Description of the task: Please output the lines from the one with "Finished basement featuring" through the end of the data exactly as written, omitting all pictures.

-- Opening Marker --

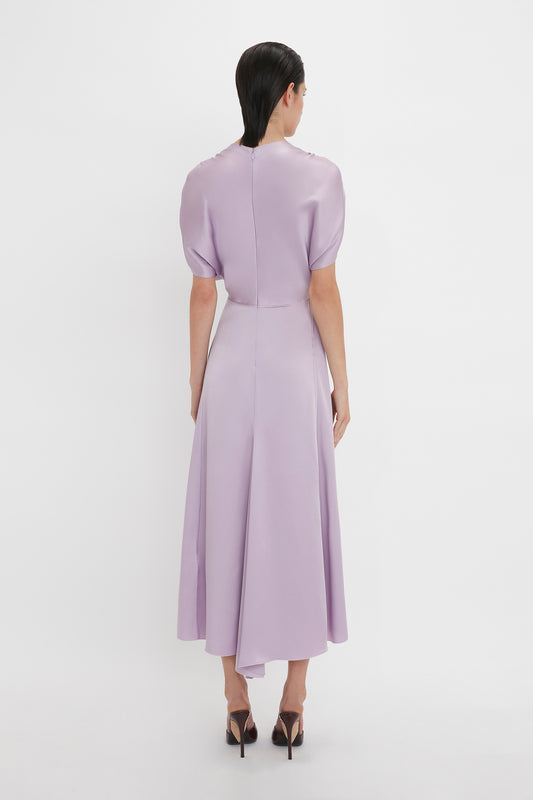 A person stands facing away, wearing a light purple, short-sleeved, mid-length dress with a high neckline and black high heels on a plain white background. This elegant V-Neck Ruffle Midi Dress In Petunia exudes timeless charm reminiscent of the Victoria Beckham brand.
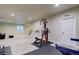 Finished basement featuring exercise equipment and a stairwell at 7099 E 123Rd Pl, Thornton, CO 80602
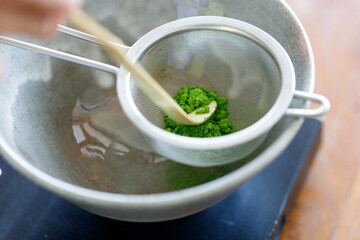 Closeup of fresh matcha powder, green tea powder, Chashaku, matcha scoop and Chawan, matcha bowl.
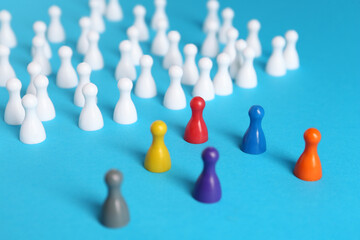 Colorful pawns on light blue background. Social inclusion concept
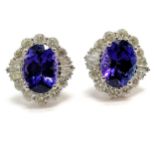 Unmarked (touch tests as 18ct white gold) tanzanite & diamond cluster pair of earrings - total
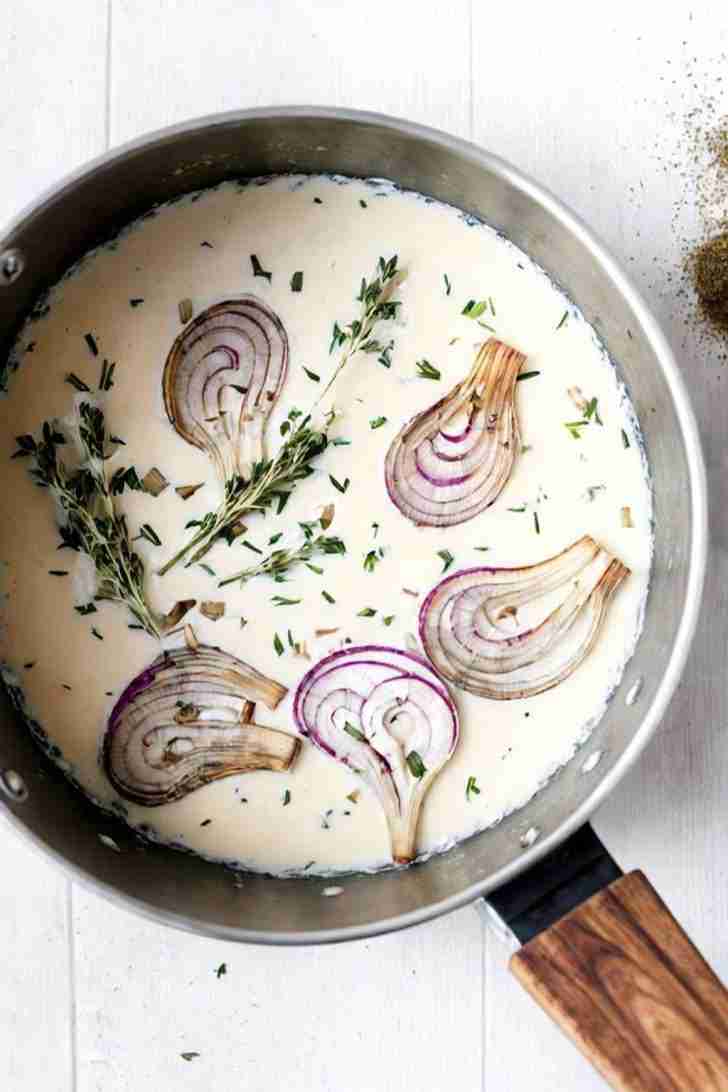 The photo displays a pot filled with infused cream. Slices of red onion are partially submerged in the cream, and fresh thyme sprigs are visible throughout the mixture. The combination of onions and thyme suggests a savory profile for the infusion. The pot has a wooden handle and sits against a light, neutral background which accentuates the contents.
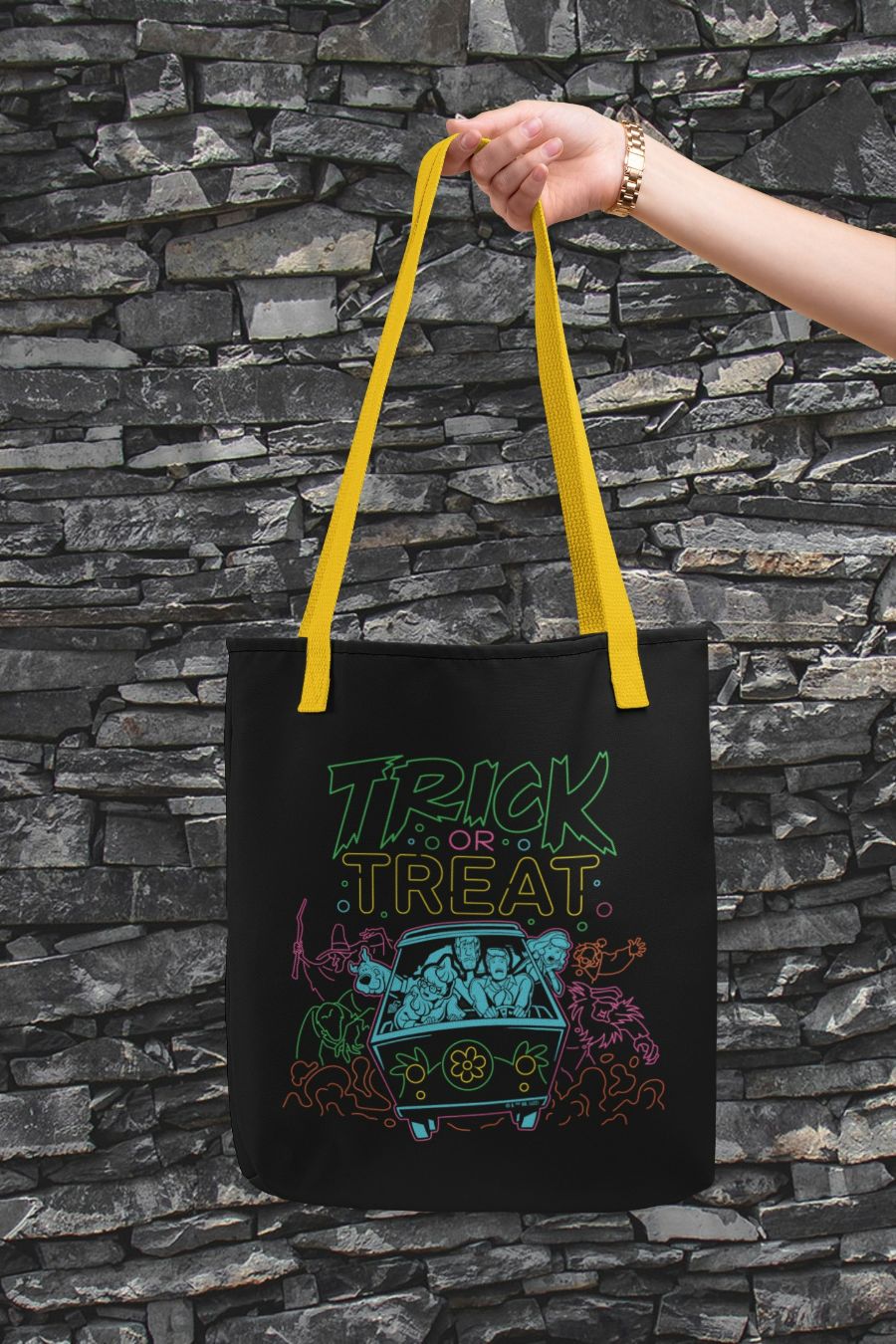 SD-Scoobtober_brick-mockup-of-a-hand-holding-a-customizable-strap-tote-bag-against-a-flat-surface-28832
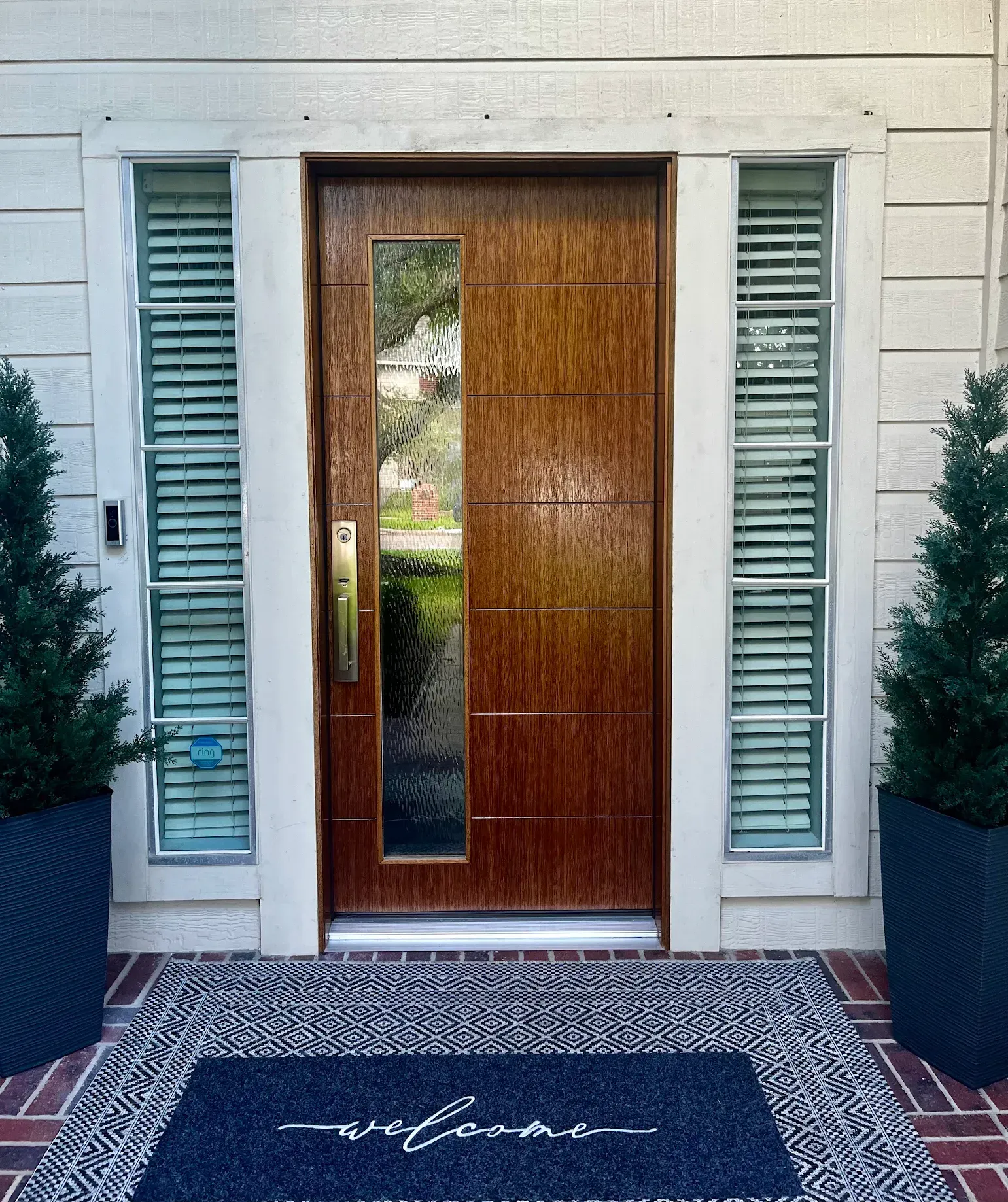 Front door with wood panel, sidelights, and navy “welcome” doormat on a brick entryway.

-- Closing Marker --

Answer for this exercise:
 Finished basement featuring exercise equipment and a stairwell at 7099 E 123Rd Pl, Thornton, CO 80602
 Closeup of fresh matcha powder, green tea powder, Chashaku, matcha scoop and Chawan, matcha bowl.
 Colorful pawns on light blue background. Social inclusion concept
 Unmarked (touch tests as 18ct white gold) tanzanite & diamond cluster pair of earrings - total
 The photo displays a pot filled with infused cream. Slices of red onion are partially submerged in the cream, and fresh thyme sprigs are visible throughout the mixture. The combination of onions and thyme suggests a savory profile for the infusion. The pot has a wooden handle and sits against a light, neutral background which accentuates the contents.
 SD-Scoobtober_brick-mockup-of-a-hand-holding-a-customizable-strap-tote-bag-against-a-flat-surface-28832
 Front door with wood panel, sidelights, and navy “welcome” doormat on a brick entryway.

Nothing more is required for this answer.